Sports FeatureChloe Yu: Strength, perseverance in powerlifting
Chloe Yu: Strength, perseverance in powerlifting
January 15, 2019
January 15, 2019

Powerlifting has been around since the 1950s. It consists of three competitive lifts, namely the squat, the bench press, and the deadlift. It has two types of events, the “raw” and “equipped.” Raw powerlifting uses a normal type of suit for the competitors while the equipped style allows the lifters to wear a compressed suit that puts lifting to ease. The sport mainly showcases athletes who compete to lift the heaviest depending on the event, as well as the category.

To strongly kick off the year, The LaSallian caught up with Chloe Yu, who has been a powerlifter for nearly four years, to share her experiences, inspiration, and goals in her designated sport.

 

Starting strong

Yu started powerlifting for the sole purpose of wanting to become stronger. In 2016, she was able to participate in more than five local competitions under the Powerlifting Association of the Philippines and won several awards. The powerlifter claims that she prefers to join in the raw category more as it requires a different training regimen compared to the equipped event. To compete internationally, one has to be at their tip-top shape in their weight and age class.

When asked about her training, she mentions that she normally trains at the gym near her house but it does not really matter where she does it as long as there is a squat rack, barbells, and plates. Yu further explains that training as a powerlifter is different compared to a weightlifter’s training, noting that routines are more specific, “I really focus on squat, bench press, and deadlift. Unlike weightlifting, it [has] different lifts so the technique is also different.” She enjoys getting stronger, as it is one of the great perks of the sport. Additionally, being a powerlifter allows her to eat a lot.

Powerlifting is not quite a known sport in the Philippines yet, but Yu notices its growth in popularity as years go by. She claims that the sport is different from the rest because you don’t really compete with others, but, rather, you compete with yourself. “There are a lot of athletes that have years ahead of you so they’re a lot stronger than you,” she says. Despite having stronger competitors, she shares that the community is supportive of everyone since they cheer for you as much as they will for your opponents.

 

 

Finishing stronger

Every athlete has their own struggles. For Yu, it’s accepting the fact that progress isn’t always linear and that there will always be days where you will seem off. “There are times when you wanna get stronger, but you won’t always see progress. As long as you’re consistent, it will pay off din,” she says. But even though she knows this, she takes to heart training her mind to be strong, because she notes that it is more of strengthening the mind rather than the body itself. “I just trust the process lang. Some days you just feel off but what matters is your consistency, and it will pay off,” Yu explains.

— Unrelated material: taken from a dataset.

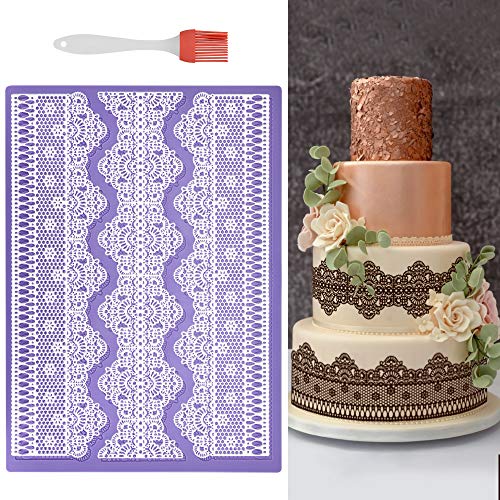 RMENOOR Molde para Tarta de Silicona Moldes de Silicona para Encaje Comestible Molde de Silicona Fondant con Brocha de Aceite, 15,2 x 11,2 Pulgadas, Violeta, Molde para Decoración de Tartas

Yu has many athletes that she looks up to, even in other sports such as weightlifting, because they also practice powerlifting lifts while others do crossfit. But if there is someone who she is truly inspired by, it’s Stephanie Gohen because of her admirable strength. According to Yu, Gohen weighs 52kg, 10kg lighter than she is, but is able to lift 500lbs. Usually in powerlifting, the lighter you are, the less weight you’re able carry. “Imagine. She’s 52[kg] and can carry 500 pounds! I can only carry 250 pounds and I’m heavier than her. So she’s pretty strong,” she says on an admiring note.

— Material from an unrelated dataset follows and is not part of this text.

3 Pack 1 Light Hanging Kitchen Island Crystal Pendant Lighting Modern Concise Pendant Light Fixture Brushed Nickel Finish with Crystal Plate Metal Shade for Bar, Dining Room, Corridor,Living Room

Of course, like any other athlete, Yu has to learn how to balance her sport with her social and academic life as well, and that is why she usually trains in the morning where her energy is high, rather than in the afternoon or evening where she feels drained from all the schoolwork and whatnot. “It’s taxing at times, but you just have to prioritize and arrange your schedule in a way you know you’re going to be most efficient,” she ends.